▶ [SUPPLIED DATA]:

....

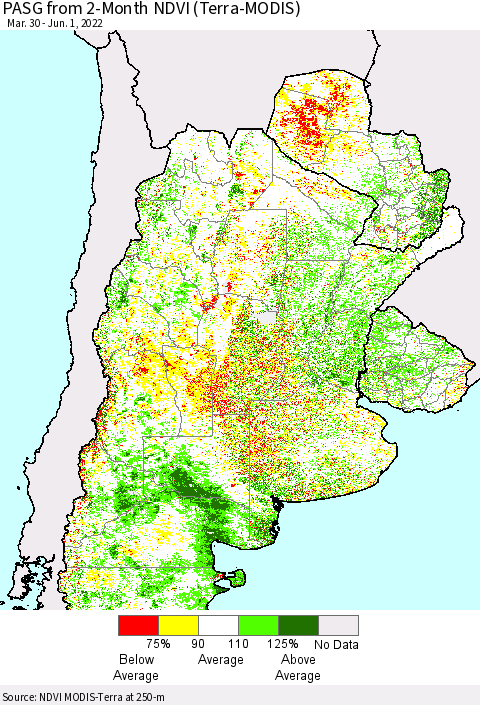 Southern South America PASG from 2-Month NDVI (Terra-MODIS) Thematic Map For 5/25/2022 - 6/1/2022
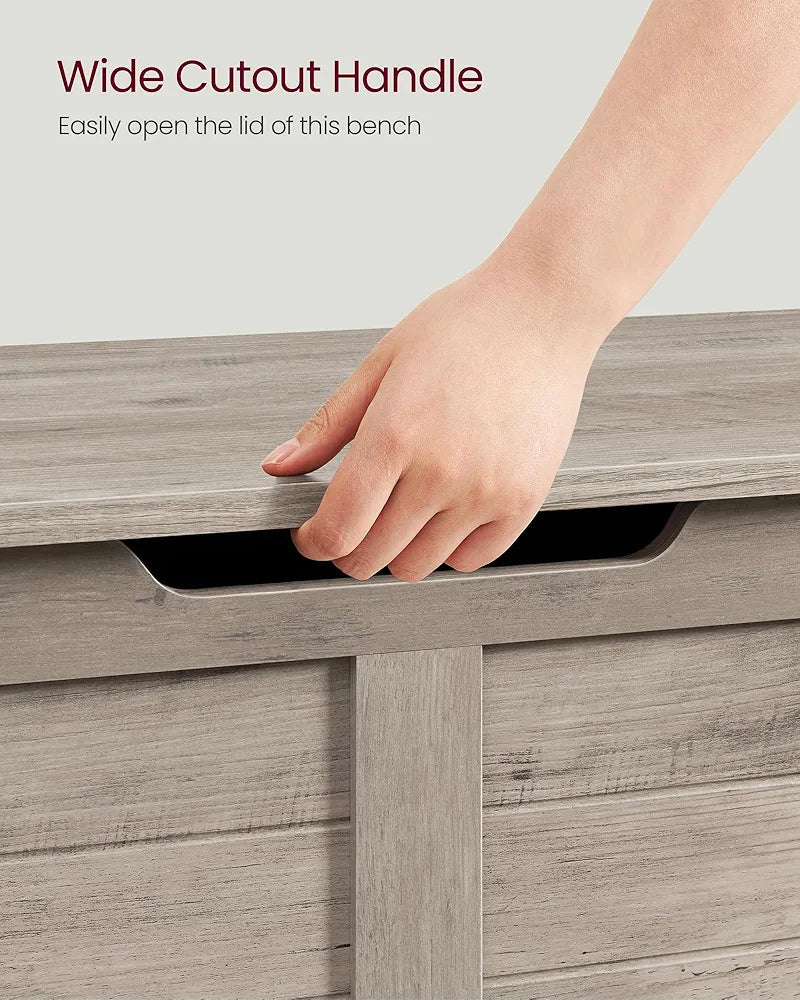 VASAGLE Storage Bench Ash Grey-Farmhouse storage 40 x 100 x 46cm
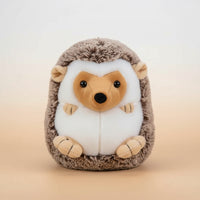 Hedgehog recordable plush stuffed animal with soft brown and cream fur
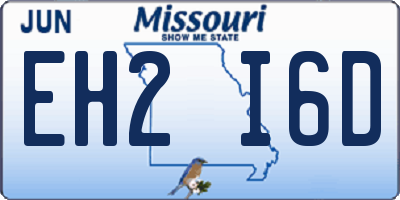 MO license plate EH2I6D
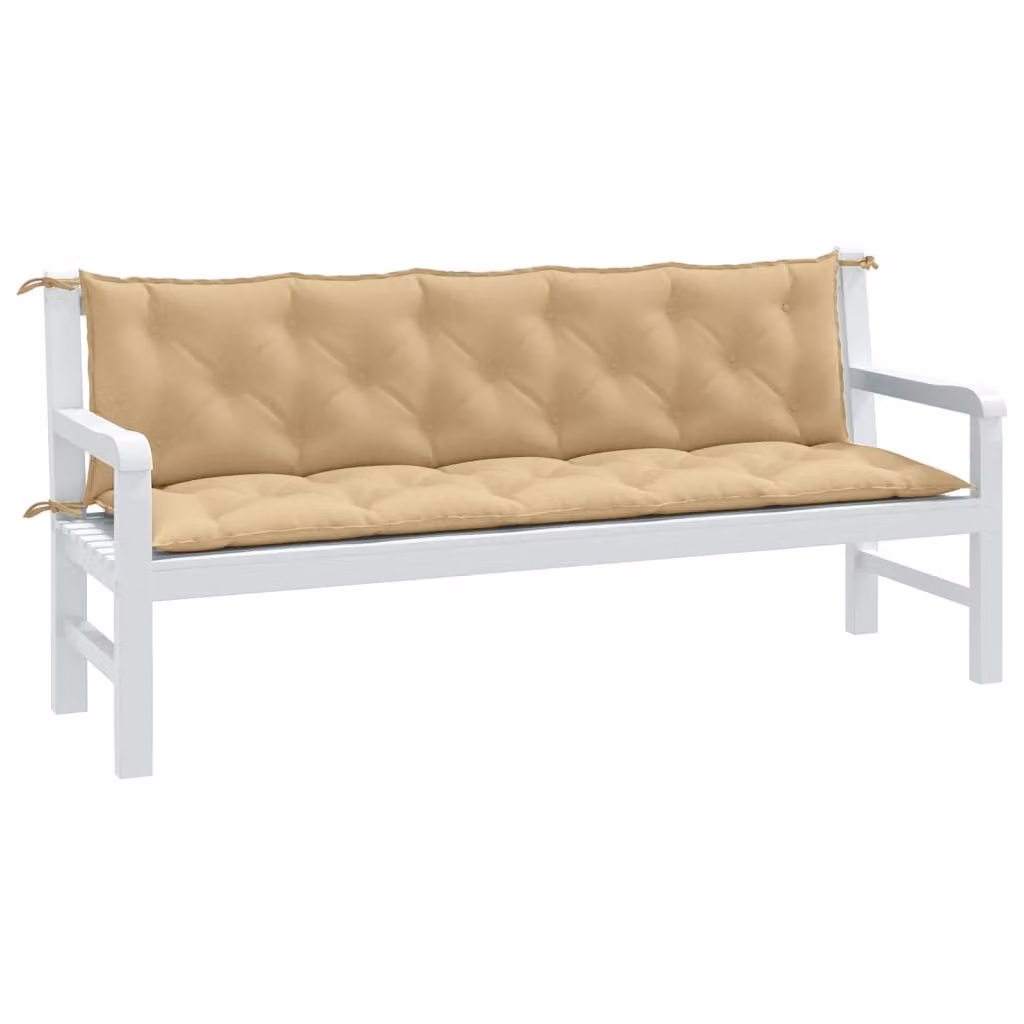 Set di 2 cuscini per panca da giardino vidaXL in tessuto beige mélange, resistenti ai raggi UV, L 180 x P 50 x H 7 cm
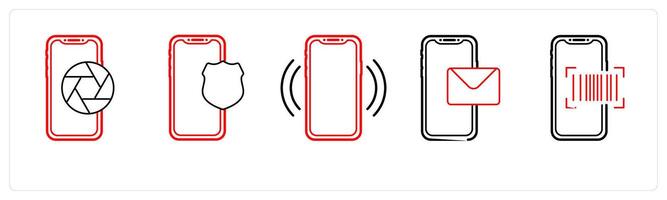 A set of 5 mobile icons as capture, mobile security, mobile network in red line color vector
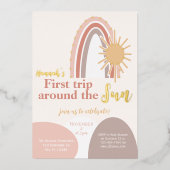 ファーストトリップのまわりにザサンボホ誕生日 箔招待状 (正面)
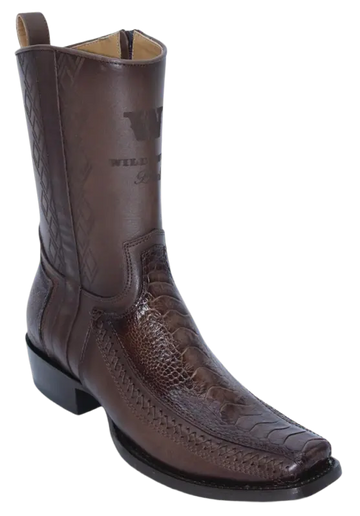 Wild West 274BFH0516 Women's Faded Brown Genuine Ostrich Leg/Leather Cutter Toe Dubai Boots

....

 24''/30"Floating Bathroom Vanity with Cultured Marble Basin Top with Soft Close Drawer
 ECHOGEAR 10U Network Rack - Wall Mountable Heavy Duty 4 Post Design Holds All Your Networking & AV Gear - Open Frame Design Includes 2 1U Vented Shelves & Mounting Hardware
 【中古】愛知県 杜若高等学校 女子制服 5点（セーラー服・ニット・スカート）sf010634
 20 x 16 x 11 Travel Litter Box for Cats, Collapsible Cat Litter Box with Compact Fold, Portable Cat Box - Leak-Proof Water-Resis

....

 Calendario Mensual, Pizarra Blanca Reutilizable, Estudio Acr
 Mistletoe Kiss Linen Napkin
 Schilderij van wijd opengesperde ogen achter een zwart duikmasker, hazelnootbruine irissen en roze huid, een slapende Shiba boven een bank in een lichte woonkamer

....

▶ [WORK INSTRUCTION]:
Among the records above, only the lines between the line holding "杜若高等学校 女子制服 5点（セーラー服・ニット・スカート）sf010634" and the line holding "20 x 16 x 11", inclusive, are to be output, exactly as written.

▶ [SOLUTION BELOW]:
 【中古】愛知県 杜若高等学校 女子制服 5点（セーラー服・ニット・スカート）sf010634
 20 x 16 x 11 Travel Litter Box for Cats, Collapsible Cat Litter Box with Compact Fold, Portable Cat Box - Leak-Proof Water-Resis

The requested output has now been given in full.